So I went back and headed north to the harbor of Sto instead, where I wanted to check on the whale safari tours. The landscape was only getting better and better.

I am the king of the road …

When I showed up at the safari people I was told to reserve some weeks in advance. Not really an option for me - I had decided to come here only hours ago …

So I shrugged and turned around.

On the most southern Vesteralen island I decided to take the long way and follow the coastal road along its west coast. At some point the road changed from asphalt to gravel, consisting of sharp, recently shredded stones. I continued carefully, testing the grip of my Battlax BT21 – non-surprisingly there wasn’t much.
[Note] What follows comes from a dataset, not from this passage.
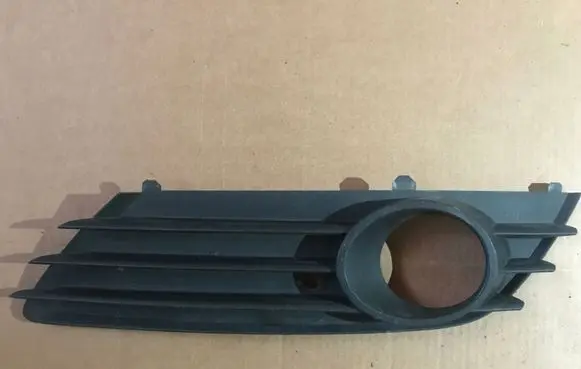 Opel Astra H Front bumper lower grill 13126025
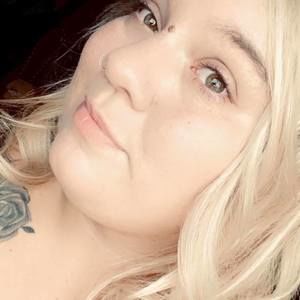 Meet your Posher, Hailey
Nevertheless, after a while I found myself happily cruising in 3rd
and 4th gear, trailing a cloud of dust.
About 20-30km later a road sign indicated road works ahead. What had I just left behind me, then?
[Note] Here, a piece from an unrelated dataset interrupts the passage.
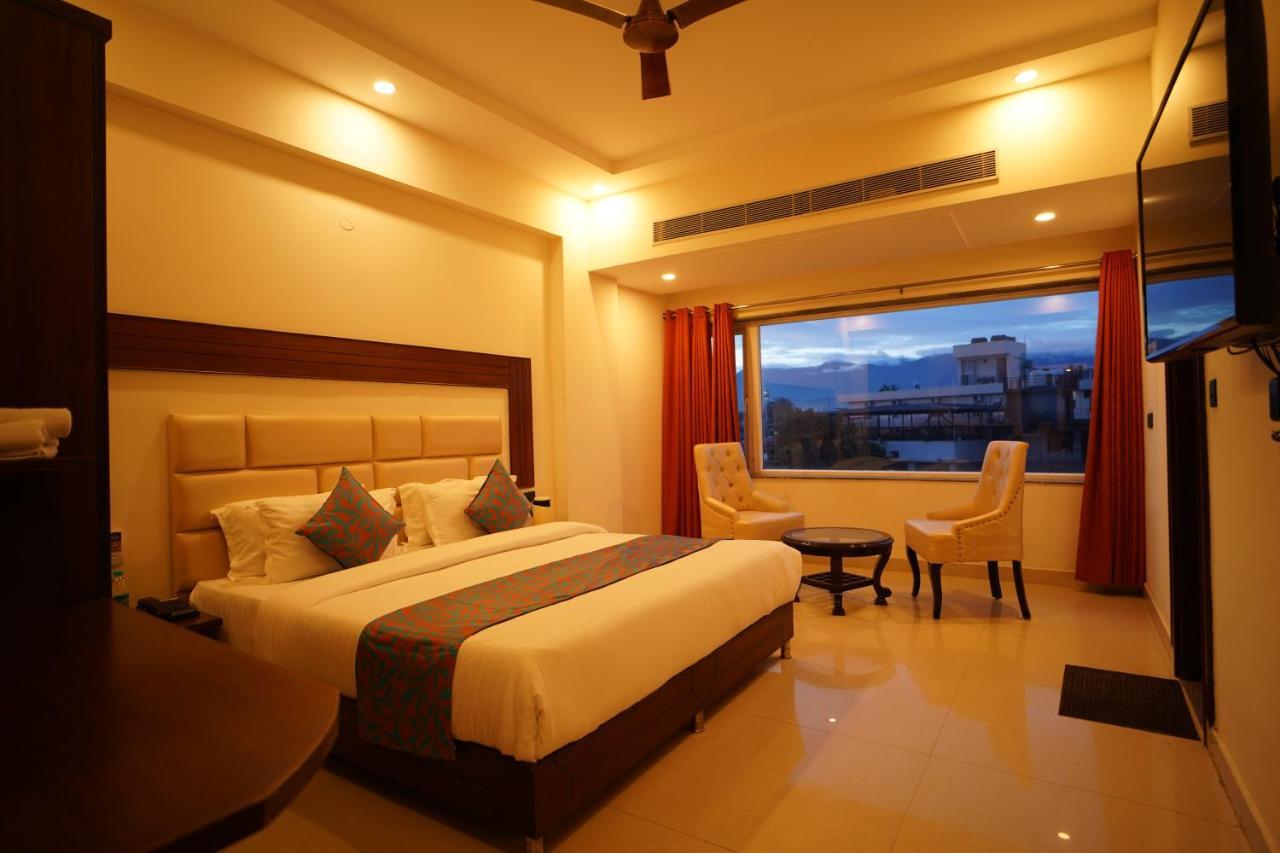 Hotel Doon'S Pride Dehradun Eksteriør billede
The road ahead didn’t look any different. I continued, and even if there was still enough gas in the tank, it was getting late. Time to look for a nice place for the night. (I must have been pretty tired, otherwise I should be able to find some photos of that episode.)

In the end I set up my tent behind a hedge, next to the road. The last thing before I went to bed was a quick check on the bike. I would swear that last 50km of gravel had cost me at least 1mm of rubber.

The next morning I woke up early and immediately hit the road. I stopped in a small fisher village to get coffee and some bread for breakfast. Then I arrived at the ferry port to the Lofoten islands. While waiting for the ferry there was time to chat with some other bikers. Also I was again invited for some coffee by the people in the RV next to me, Germans in a woolen pullovers.

On the ferry

Approaching the Lofoten islands

MustTourEurope 11-27-2010 11:01 AM


Originally Posted by pip_muenster

With the ferry from Puttgarden to Rødby and then from Helsingør to Helsingborg I arrived in Sweden, where I immediately almost crashed when exiting a roundabout. Someone had just put a solid layer of gravel on top of the asphalt. Well ok, everybody comes to Sweden for the gravel roads, so there’s no point complaining …

My version of Kronborg Castle in Helsingør...and it's big guns :-)

arres 11-27-2010 11:08 AM

Excellent photos. Thanks for sharing:clap

Jedediah 11-27-2010 11:11 AM

pip muenster,

Glad you are picking up on your ride report.

I find this all very facinating and appreciate the time it takes to post. So please continue. Great pictures by the way. It looks cold and lonely in places. Great place to clear your head?

I have two questions if you do not mind:

1. You changed tents. How did the new one work over all?

2. In post 4 above, you stated: "(You'll probably know about the tunnel and the entry/exit fee etc. so I won't bother you with details.)" I would love the details on the tunnel and fees :-)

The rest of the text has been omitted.